77 of 78 people found the following review helpful By D. Harden on 13 April 2012
Style Name: For Canon Verified Purchase
I'd been trying to get some decent results out of a Canon 70-300 non-L IS for the last 2 years but it really isn't that nice a lens at 300mm, and the colours have a nasty yellow tinge that's hard to remove in post processing as well. Maybe using L lenses has spoiled me for that one and I expected too much?

Anyway, I read good things about the Tamron, was doing some kit upgrading and decided to give this a go. I've now tried it on a 7D, 50D and 20D and it has worked impeccably, with no adjustment required, on all three bodies. Colours and contrast are very good indeed. Not just for the price, but for a 70-300 zoom in general!

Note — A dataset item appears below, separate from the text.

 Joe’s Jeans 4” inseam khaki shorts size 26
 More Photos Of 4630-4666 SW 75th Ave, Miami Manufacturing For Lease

The good: AF is fast and quiet - very similar in performance to a USM L lens, and streets ahead of Canon's 70-300 IS (non L). Full time manual focusing is implemented too - you can turn the AF ring at any time without having to disengage the AF mechanism. Focusing is also internal - nothing rotates on the lens body. There's a distance scale too, which the Canon doesn't have. Image resolution is impressive at all focal lengths. 300mm is perhaps slightly less sharp than 250mm down is but it's not like most other "consumer" 70-300 models - this time the 300mm images are actually very good, even at f5.6. In fact stopping down, whilst it does improve sharpness, doesn't make a huge difference. Chromatic Aberrations are very well controlled. I've seen minor fringing on some highlight edges but it's very thin indeed. The "bokeh" (i hate that term but it's the one people know) is very nice indeed and so natural looking you take it for granted. By comparison, backgrounds from the Canon model are "jittery" and messy. VC works well and also doesn't need switching to mode 2 for panning like the Canon does. I managed to get a usable shot at 1/8s in testing.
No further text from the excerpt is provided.